In 2005 there was a revival production at Theater Rhinoceros in San Francisco.

===Reception===
The play was a surprise hit. Originally scheduled for a limited run the original production played fifteen months in San Francisco.

Critics generally (and approvingly) describe the play as self-consciously silly, campy, and "corny". The music was praised as "horrid" and "so absurdly bad it's funny". For example, the main characters fall in love while singing a duet from the musical, Oklahoma!, that the Auteur in his questionable esthetic judgment had decided to insert into the ancient tragedy. The play also features the actors singing versions of disco classics "I Will Survive" and "Y.M.C.A." with lyrics rewritten to reflect the play's plot elements, as well as Phaedra's courting her stepson Hippolytus to the tune of Barry Manilow's "Copacabana". One dance number evokes the choreography of Michael Jackson's video "Thriller".
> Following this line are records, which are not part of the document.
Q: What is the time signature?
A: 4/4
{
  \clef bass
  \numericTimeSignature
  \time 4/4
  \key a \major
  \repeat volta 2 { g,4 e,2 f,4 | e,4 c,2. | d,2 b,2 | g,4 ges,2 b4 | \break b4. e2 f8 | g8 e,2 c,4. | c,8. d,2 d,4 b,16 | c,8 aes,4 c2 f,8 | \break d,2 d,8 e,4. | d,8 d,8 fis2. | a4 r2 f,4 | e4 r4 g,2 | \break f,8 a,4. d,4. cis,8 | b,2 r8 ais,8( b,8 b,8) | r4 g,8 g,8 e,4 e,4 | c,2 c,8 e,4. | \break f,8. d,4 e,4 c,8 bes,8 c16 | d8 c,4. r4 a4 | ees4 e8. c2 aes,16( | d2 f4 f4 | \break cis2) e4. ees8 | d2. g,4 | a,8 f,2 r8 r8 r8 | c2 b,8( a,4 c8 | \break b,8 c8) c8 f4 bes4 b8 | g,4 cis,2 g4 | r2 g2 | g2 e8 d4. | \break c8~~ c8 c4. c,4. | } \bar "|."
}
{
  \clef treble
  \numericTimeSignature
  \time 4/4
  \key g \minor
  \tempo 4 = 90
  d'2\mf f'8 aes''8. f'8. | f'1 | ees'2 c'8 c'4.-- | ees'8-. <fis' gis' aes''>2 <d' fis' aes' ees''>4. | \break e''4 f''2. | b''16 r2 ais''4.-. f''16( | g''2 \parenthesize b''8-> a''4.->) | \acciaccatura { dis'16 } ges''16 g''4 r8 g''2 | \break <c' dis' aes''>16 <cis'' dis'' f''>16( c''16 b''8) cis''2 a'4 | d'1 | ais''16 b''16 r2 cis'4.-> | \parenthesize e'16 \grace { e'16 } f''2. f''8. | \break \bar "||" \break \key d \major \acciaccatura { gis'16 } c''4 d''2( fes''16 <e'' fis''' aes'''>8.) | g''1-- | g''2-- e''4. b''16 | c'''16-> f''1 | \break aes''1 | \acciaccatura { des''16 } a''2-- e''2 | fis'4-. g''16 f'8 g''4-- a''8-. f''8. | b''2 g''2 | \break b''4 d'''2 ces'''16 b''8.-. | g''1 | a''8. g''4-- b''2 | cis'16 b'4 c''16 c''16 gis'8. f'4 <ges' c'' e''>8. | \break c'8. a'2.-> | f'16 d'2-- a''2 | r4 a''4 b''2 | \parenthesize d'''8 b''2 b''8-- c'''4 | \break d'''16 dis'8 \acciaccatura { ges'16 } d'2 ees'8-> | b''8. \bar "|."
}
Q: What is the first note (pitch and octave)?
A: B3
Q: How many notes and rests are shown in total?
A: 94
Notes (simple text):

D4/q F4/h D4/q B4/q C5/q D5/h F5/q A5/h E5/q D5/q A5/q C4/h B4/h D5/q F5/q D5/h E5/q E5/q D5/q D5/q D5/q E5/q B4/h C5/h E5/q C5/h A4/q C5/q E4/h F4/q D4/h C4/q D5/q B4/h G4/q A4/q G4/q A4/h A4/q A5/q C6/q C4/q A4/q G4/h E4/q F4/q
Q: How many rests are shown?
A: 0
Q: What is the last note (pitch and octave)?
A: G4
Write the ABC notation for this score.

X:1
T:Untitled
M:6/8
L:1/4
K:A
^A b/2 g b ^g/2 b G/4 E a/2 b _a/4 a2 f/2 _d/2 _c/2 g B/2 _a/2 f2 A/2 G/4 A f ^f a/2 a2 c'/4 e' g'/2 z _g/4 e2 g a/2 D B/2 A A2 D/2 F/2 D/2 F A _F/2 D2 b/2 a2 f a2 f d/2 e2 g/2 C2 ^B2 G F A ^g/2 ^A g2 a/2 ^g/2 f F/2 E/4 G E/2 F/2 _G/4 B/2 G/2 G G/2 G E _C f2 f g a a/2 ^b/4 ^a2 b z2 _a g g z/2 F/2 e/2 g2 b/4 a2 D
Other critics describe the play as intelligent and profound, noting how most of the jokes and plot lines in the play draw parallels between modern sexual politics and Euripides' themes from the Greek version. For example, the straight Elsa seducing Paul away from his gay life mirrors the barbarian Medea seducing Jason from Greek civilization. Some note that the play spoofs itself, in a "so bad it's good" sort of way, lampooning amateur college productions (for example, the common custom of writing new lyrics for borrowed popular pop tunes) and the foibles of the cast, crew, reviewers, and audience who participate. More recent critics describe the play in retrospect as "dated", in part because of period-references to the 1970s, but also because gay farces and self-referential plays about plays became far more common in mainstream entertainment in the years after Medea's original production.

===Awards===
The play won six Critics Circle Awards (including Best Musical), the Will Glickman Play Writing Award, the BackstageWest Garland Award, the GLAAD Media Award, the Cable Car Award and the LA Weekly Award for "Best Musical".